In this riddling poem that uses imagery of heat and frost, we learn at the end that what “chooses,” or perhaps, the effects of choosing, are like erupting volcanoes: “Etna,” an active volcano on the Italian island of Sicily; and Popocatapel, a volcano in central Mexico, described in Dickinson’s Webster’s as

a towering volatile peak; mountain capable of erupting in spectacular flames and lava flows.

This imagery connects the effects of choosing with the pressurized, subterranean and spectacular power of volcanoes, a theme threaded throughout Dickinson’s work. Volcanoes are both deadly, as in the case of Vesuvius destroying the city of Pompeii, and generative as a figure for the female poet who has to look “still” but is roiling with creative force underneath, as in this commanding poem from 1863:

A still –  Volcano – Life –
That flickered in the night –
When it was dark enough
to show do
Without endangering erasing sight –

A quiet – Earthquake style –
Too +subtle to suspect                     +smouldering 
By natures this side Naples –
The North cannot detect

The solemn – Torrid – Symbol –
The lips that never lie –
Whose hissing Corals part – and shut –
And Cities  – +ooze away –  (F517A, J601).   +– slip – • slide – • melt

In “More Life – went out” the speaker characterizes the extraordinary life she admires in terms of different kinds of heat, and how that heat might be “quenched.” This life was “lit with a finer Phosphor;” according to Dickinson's Webster’s, this is “a substance that shines in the dark; [fig.] vitality; vivacity; energy; spark of life.” Anthracite is a “species of coal which has a shining luster, approaching to metallic, and which burns without smoke, and with intense heat.” The EDA notes:

The meaning of “Anthracite’” (line 8) may derive from a distinction in Reveries of a Bachelor (1850) by Donald Grant Mitchell (“Ik Marvell”) between “bituminous” and “anthracite” people, the latter characterized by a steady, profound sensibility not easily quenched.

Anthracite, contrasted with “Peat,” is defined as

Organic; humus-like; sod-like; like dry soil; made of earthly elements; [fig.] dull; colorless; drab; plain; dreary; lackluster; humble; ordinary; human; mortal.
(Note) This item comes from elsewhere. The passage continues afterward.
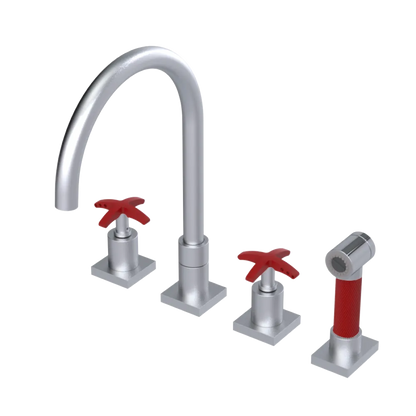 Rubinet Widespread Kitchen Set with Hand Spray Satin Chrome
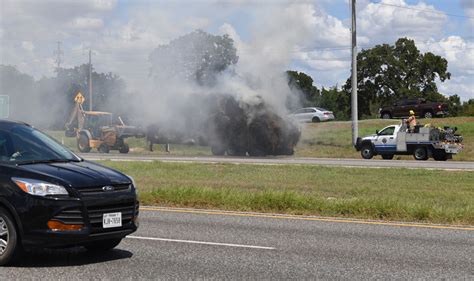 Hay bales on trailer catch fire on Texas 6; no injuries | Local News | theeagle.com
Thus, a “peat life” is unremarkable.

Dickinson also connects the extraordinary life with the warmer zones, the equator, and with the “Ethiop within,” a figure of color we have met in another guise in “The Malay took the Pearl,” and who often stands as a figure for energy, passion, life force and (masculine) power.

Sources

Hallen, Cynthia, ed. Emily Dickinson Lexicon. Provo, Utah: Brigham Young University, 2007.

 

Sources

Habegger, Alfred. My Wars are Laid Away in Books.  New York: Random House, 2001, 446-51.

Vendler, Helen. Dickinson: Selected Poems and Commentaries. Cambridge: Belknap Press of Harvard University, 2010, 190.